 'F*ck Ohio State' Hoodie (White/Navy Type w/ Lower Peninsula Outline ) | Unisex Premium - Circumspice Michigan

......

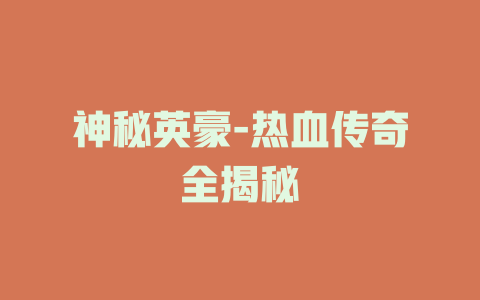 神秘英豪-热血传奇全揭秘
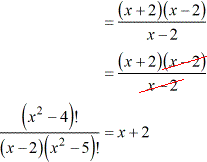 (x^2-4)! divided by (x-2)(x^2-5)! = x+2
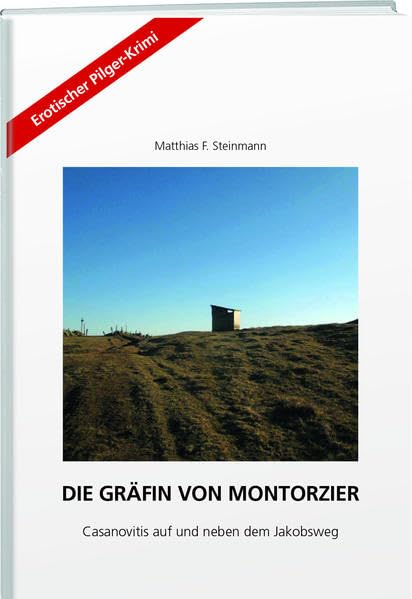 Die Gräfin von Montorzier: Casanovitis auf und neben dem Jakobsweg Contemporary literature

......

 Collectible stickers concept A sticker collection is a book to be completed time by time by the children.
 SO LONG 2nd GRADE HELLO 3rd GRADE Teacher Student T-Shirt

......

Task prompt: Output exactly the lines above that lie between the line with "(x^2-4)! divided by (x-2)(x^2-5)! = x+2" and the line with "Die Gräfin von", those two lines included, and no pictures.

Your solution:
 (x^2-4)! divided by (x-2)(x^2-5)! = x+2
 Die Gräfin von Montorzier: Casanovitis auf und neben dem Jakobsweg Contemporary literature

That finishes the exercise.